Takin’ Care Of Business
Jon Bishop transcribes a classic and hugely influential track by a true titan of blues - the one and only Freddie King.
Of the ‘Three Kings’, Freddie is often overlooked. He never quite achieved the superstar status of BB or Albert King - due in part to his untimely death at the age of 42. His style, however, fused BB’s melodic lead lines with Albert’s ferocious attack, and had a huge influence on the blues-rock guitarists that were to follow. Freddie, like so many bluesmen of the time, had very much his own approach to playing the electric guitar. He wore his strap over the picking hand shoulder instead of around his neck. He also used metal thumb and fingerpicks to attack the strings as apposed to a flat pick or fingers alone. His use of thumb and fingerpick was originally inspired by players like Jimmy Rogers. The metal picks provided a bright and biting tone and when this was combined with a valve amp on full volume with the treble turned right up, Freddie’s signature lead tone was born.
Eric Clapton covered Freddie’s Top 40 hit, Hideaway, which served as lead guitar tour de force on the John Mayall’s Bluesbreakers ‘Beano’ album, as well as live. In this track it’s also easy to hear Freddie’s influence on other players, including Clapton, Peter Green and, later on, fellow Texan, Stevie Ray Vaughan.
Takin’ Care Of Business was originally recorded in 1961. The song is in the key of Db and is essentially a Db dominant blues. The vocal verses are a slightly unconventional 16 bars long. This structure makes sense to the ear and is essentially a 12-bar blues with an extra four bars added. The solos are a standard 12-bar progression. The feel of the track is a shuffle at 128bpm. This shuffle feel can be written with a 12/8 time signature but to make the notation easier, we chose 4/4 with all the quavers swung. That way it’s clearer to see where the swung quavers, quaver triplets and crotchet triplet rhythms are, and how they function in the track.

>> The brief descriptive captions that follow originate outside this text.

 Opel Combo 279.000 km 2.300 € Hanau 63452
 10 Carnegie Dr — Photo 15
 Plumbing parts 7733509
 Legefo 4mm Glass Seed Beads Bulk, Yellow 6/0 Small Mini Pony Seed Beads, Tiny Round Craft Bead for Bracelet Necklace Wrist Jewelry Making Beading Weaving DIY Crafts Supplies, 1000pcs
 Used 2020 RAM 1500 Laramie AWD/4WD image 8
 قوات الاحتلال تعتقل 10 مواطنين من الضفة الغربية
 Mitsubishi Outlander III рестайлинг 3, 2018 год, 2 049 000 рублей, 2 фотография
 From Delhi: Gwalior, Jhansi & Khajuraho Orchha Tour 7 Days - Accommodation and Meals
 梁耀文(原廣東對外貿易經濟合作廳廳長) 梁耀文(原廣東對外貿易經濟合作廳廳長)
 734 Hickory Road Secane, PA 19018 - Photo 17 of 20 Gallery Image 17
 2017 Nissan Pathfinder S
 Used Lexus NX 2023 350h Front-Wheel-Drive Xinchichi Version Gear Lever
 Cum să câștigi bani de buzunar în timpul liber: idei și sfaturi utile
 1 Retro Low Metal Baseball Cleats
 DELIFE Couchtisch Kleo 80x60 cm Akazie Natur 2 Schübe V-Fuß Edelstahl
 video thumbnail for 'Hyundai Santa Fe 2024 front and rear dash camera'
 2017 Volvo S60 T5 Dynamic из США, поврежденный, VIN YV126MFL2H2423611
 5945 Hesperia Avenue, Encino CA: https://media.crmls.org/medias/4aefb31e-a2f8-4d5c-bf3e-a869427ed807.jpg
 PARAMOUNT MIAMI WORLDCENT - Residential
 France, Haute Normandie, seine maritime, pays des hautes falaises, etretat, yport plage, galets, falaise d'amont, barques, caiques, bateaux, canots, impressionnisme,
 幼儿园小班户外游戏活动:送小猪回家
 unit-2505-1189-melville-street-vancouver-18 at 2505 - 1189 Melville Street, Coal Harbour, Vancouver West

The form consists of: 4 bars intro; 16 bars vocal chorus 1; 16 bars vocal chorus 2; 12 bars guitar solo 1; 12 bars guitar solo 2; 16 bars vocal chorus 3; and 12 bars outro.
The guitar tuning on the original recording is a little out of whack, and this is a feature that we have chosen not to replicate for the GT version. Many popular 60s recordings featured slightly out of tune guitars, but modern production values have established the tuning of all instruments to be a key element. The original track fades out, so to make the backing track more fun to play along with, the GT version has a classic, blues style ending attached.
For the GT recorded version, a live band was the only way to go, so many thanks to James Compton for performing piano duties and to Pete Riley for playing drums!